**YOUR INSTRUCTIONS:**
Print the line containing "Samuel Alexander Goggle" and each line after it through the end of the material below, exactly as it appears, but skip the pictures.

**INFORMATION SUPPLIED:**
--

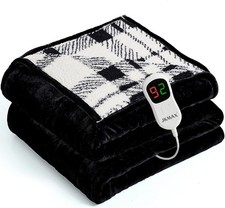 Heated Electric Blanket Full Size 72"x84" Flannel Heating Blanket W/ 10 Heating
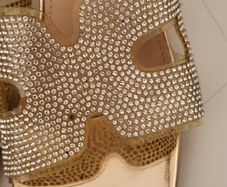 GIVANA bling sliders with perspex heel Sz 40 (Fit 6.5-7UK)
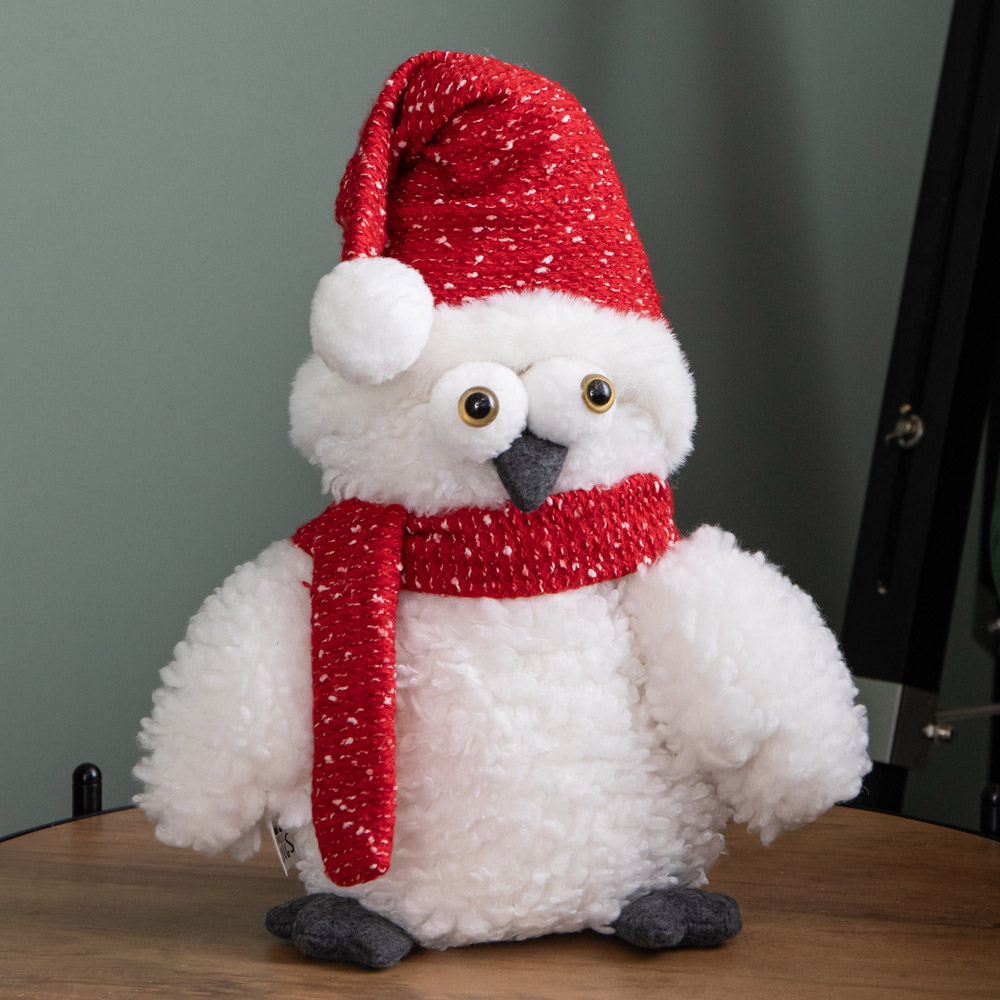 Samuel Alexander Goggle Owl with Santa Hat Plush Christmas Decoration 30cm Image 2
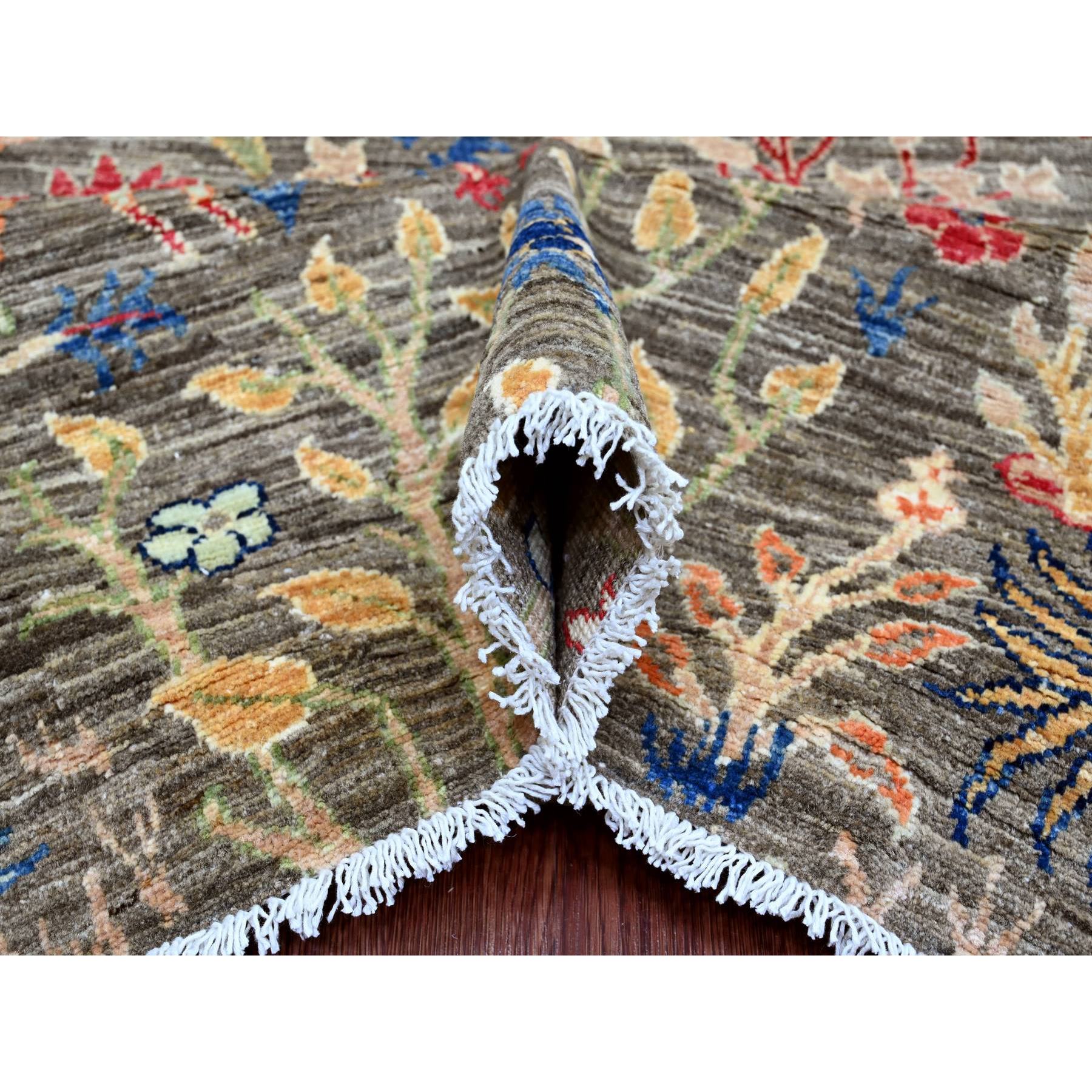 12'x15'4" Cedar Brown, Afghan Peshawar with Birds of Paradise Design, Hand Knotted, Soft and Velvety Wool, Vegetable Dyes, Oversized, Oriental Rug Sh20367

--

**SOLVED PROBLEM:**
 Samuel Alexander Goggle Owl with Santa Hat Plush Christmas Decoration 30cm Image 2
 12'x15'4" Cedar Brown, Afghan Peshawar with Birds of Paradise Design, Hand Knotted, Soft and Velvety Wool, Vegetable Dyes, Oversized, Oriental Rug Sh20367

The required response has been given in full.